Home | About | Sematext search-lucene.com search-hadoop.com
 Search Hadoop and all its subprojects:

Switch to Threaded View
HBase >> mail # user >> Key formats and very low cardinality leading fields

Copy link to this message
Re: Key formats and very low cardinality leading fields

So here's the larger question...
How does the data flow in to the system? One source at a time?

The second field. Is it sequential? If not sequential, is it going to be some sort of incremental larger than a previous value? (Are you always inserting to the left side of the queue?

How are you using the data when you pull it from the database?

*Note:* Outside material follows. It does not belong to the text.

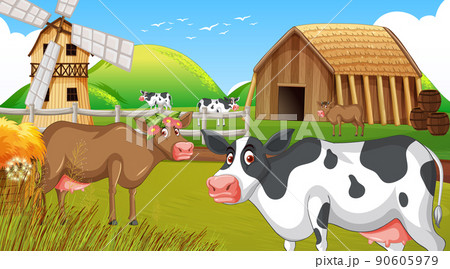 Outdoor cow farm scene with happy animals cartoon 90605979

'Hot spotting' may be unavoidable and depending on other factors, it may be a moot point.
On Sep 4, 2012, at 12:56 PM, Eric Czech <[EMAIL PROTECTED]> wrote:

> Longer term .. what's really going to happen is more like I'll have a first
> field value of 1, 2, and maybe 3.  I won't know 4 - 10 for a while and
> the *second
> *value after each initial value will be, although highly unique, relatively
> exclusive for a given first value.  This means that even if I didn't use
> the leading prefix, I'd have more or less the same problem where all the
> writes are going to the same region when I introduce a new set of second
> values.
> In case the generalities are confusing, the prefix value is a data source
> identifier and the second value is an identifier for entities within that
> source.  The entity identifiers for a given source are likely to span
> different numeric or alpha-numeric ranges, but they probably won't be the
> same ranges across sources.  Also, I won't know all those ranges (or
> sources for that matter) upfront.
> I'm concerned about the introduction of a new data source (= leading prefix
> value) since the first writes will be to the same region and ideally I'd be
> able to get a sense of how the second values are split for the new leading
> prefix and split an HBase region to reflect that.  If that's not possible
> or just turns out to be a pain, then I can live with the introduction of
> the new prefix being a little slow until the regions split and distribute
> effectively.
> That make sense?
> On Tue, Sep 4, 2012 at 1:34 PM, Michael Segel <[EMAIL PROTECTED]>wrote:
>> I think you have to understand what happens as a table splits.
>> If you have a composite key where the first field has the value between
>> 0-9 and you pre-split your table, you will  have all of your 1's going to
>> the single region until it splits. But both splits will start on the same
>> node until they eventually get balanced out.
>> (Note: I'm not an expert on how hbase balances the regions across a region
>> server so I couldn't tell you how it choses which nodes to place each
>> region.)
>> But what are you trying to do? Avoid a hot spot on the initial load, or
>> are you looking at the longer term picture?
>> On Sep 3, 2012, at 2:58 PM, Eric Czech <[EMAIL PROTECTED]> wrote:
>>> With regards to:
>>>> If you have 3 region servers and your data is evenly distributed, that
>>>> mean all the data starting with a 1 will be on server 1, and so on.
>>> Assuming there are multiple regions in existence for each prefix, why
>>> would they not be distributed across all the machines?
>>> In other words, if there are many regions with keys that generally
>>> start with 1, why would they ALL be on server 1 like you said?  It's
>>> my understanding that the regions aren't placed around the cluster
>>> according to the range of information they contain so I'm not quite
>>> following that explanation.
>>> Putting the higher cardinality values in front of the key isn't
>>> entirely out of the question, but I'd like to use the low cardinality
>>> key out front for the sake of selecting rows for MapReduce jobs.
>>> Otherwise, I always have to scan the full table for each job.
>>> On Mon, Sep 3, 2012 at 3:20 PM, Jean-Marc Spaggiari
>>> <[EMAIL PROTECTED]> wrote:
>>>> Yes, you're right, but again, it will depend on the number of
>>>> regionservers and the distribution of your data.
>>>> If you have 3 region servers and your data is evenly distributed, that
>>>> mean all the data starting with a 1 will be on server 1, and so on.